First, notice the function at the top of the code listing. It's called libxml_display_error() and accepts a LibXMLError object as its only parameter. Then it uses the all-too-familiar switch statement to determine the error level and craft an error message appropriate to that level. When the level is determined, the code produces a string that reports the appropriate level.

Then, two more things happen. First, the error object is examined to determine whether or not a file property contains a value. If so, then that file value is appended to the error message so the location of the file is reported. Next, the line property is appended to the error message so the user can see exactly where in the XML file the error occurred. Needless to say, this is extremely important for debugging purposes.

It should also be noted that libxml_display_error() simply produces a string that describes the error. The actual printing of the error to the screen is left up to the caller, in this case libxml_display_errors().

The function below that is the previously mentioned libxml_display_errors(), which takes no parameters. The first thing this function does is call libxml_get_errors(). This returns an array of LibXMLError objects that represent all of the errors encountered when the schemaValidate() method was invoked on the XML document.

Next, you step through each of the errors you encountered and invoke the libxml_display_error() function for each error object. Whatever string is returned by that function is then printed to the screen. One great benefit of handling errors this way is that all of the errors are printed at once. This means that you only need to execute the code once to view all of the errors specific to that particular XML document.

Finally, libxml_clear_errors() clears out the errors recently encountered by the schemaValidate() method. This means that if schemaValidate() is executed again within the same code sequence, you will start with a clean slate, and only new errors will be reported. If you don't do this and you execute schemaValidate() again, then all of the errors from the first invocation of schemaValidate() remain in the array returned by libxml_get_errors(). Obviously, that presents problems if you're looking for a fresh set of errors.

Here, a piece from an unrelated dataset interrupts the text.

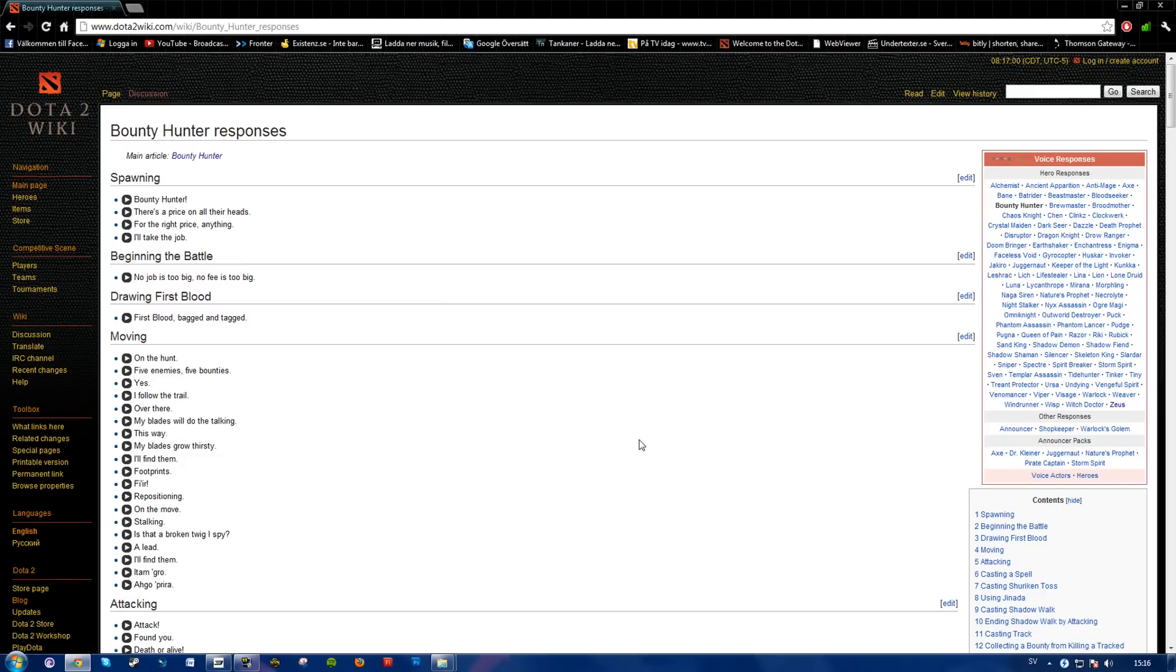What you can do with these sounds is to use them in videos, such as Dota Cinema, they use them for their top 10.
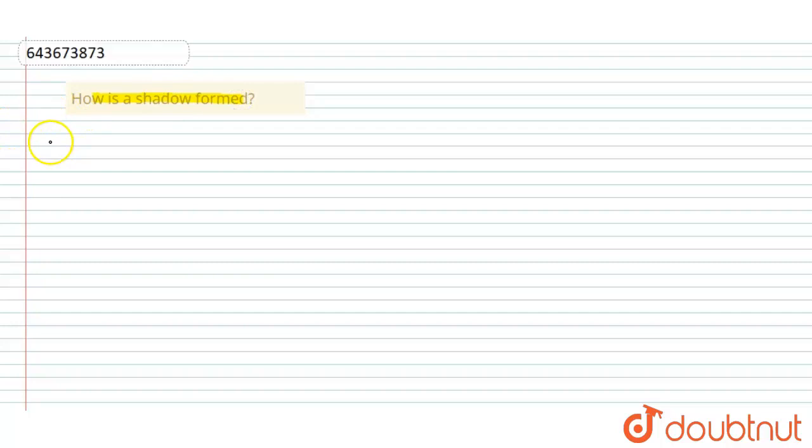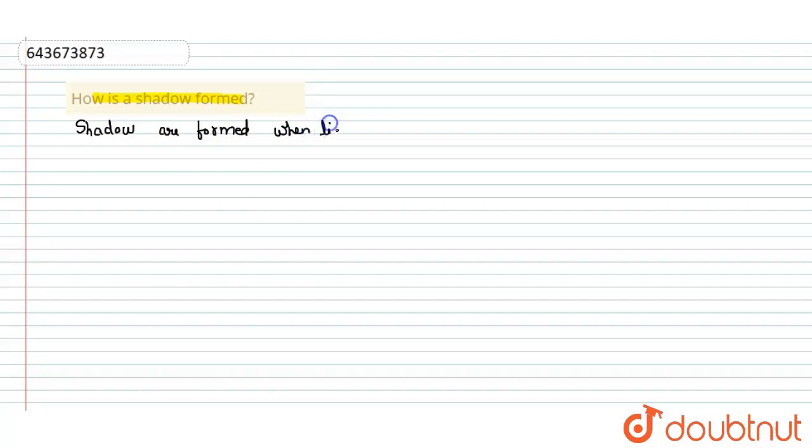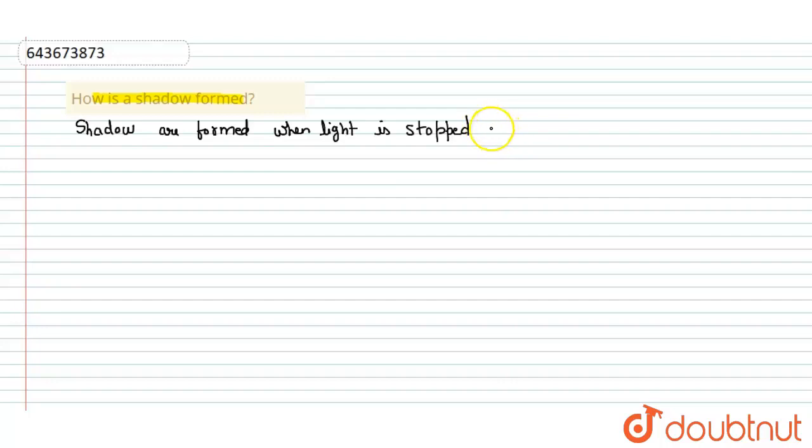Shadows are found generally when light is stopped by an object. So we will write here. Shadows are formed when light is stopped by an object.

It's also important to note that I made a slight change to the if-then statement at the bottom of the code in Listing 5. If an error is encountered, it prints "Errors Found!" in bold and then invokes the aforementioned libxml_display_errors() function which displays all of the errors encountered before clearing out the error array. I opted for this solution instead of just printing out "invalid" as I did in Listing 4.

Second test

Now, it's time to test again. Move the PHP file from Listing 5 to your PHP server. Keep the file name the same (testxml.php). As before, ensure that both the XML Schema Definition (XSD) file and the XML files are in the same directory as the PHP file. Point your browser to testxml.php once again, and now you should see something like this:

Errors Found!
Error 1824: Element 'lureQuantity': 'Seven' is not a valid value of the atomic type 'xs:integer'. in /home/thehope1/public_html/example.xml on line 5

Well, that's fairly descriptive, isn't it? The error message tells you on what line the error occurred. It also tells you where the file is (as if you didn't know). And it tells you exactly why the error occurred. That's information you can use.

Fixing the problem

You can now leave the PHP file alone and work on fixing the problem in your XML document.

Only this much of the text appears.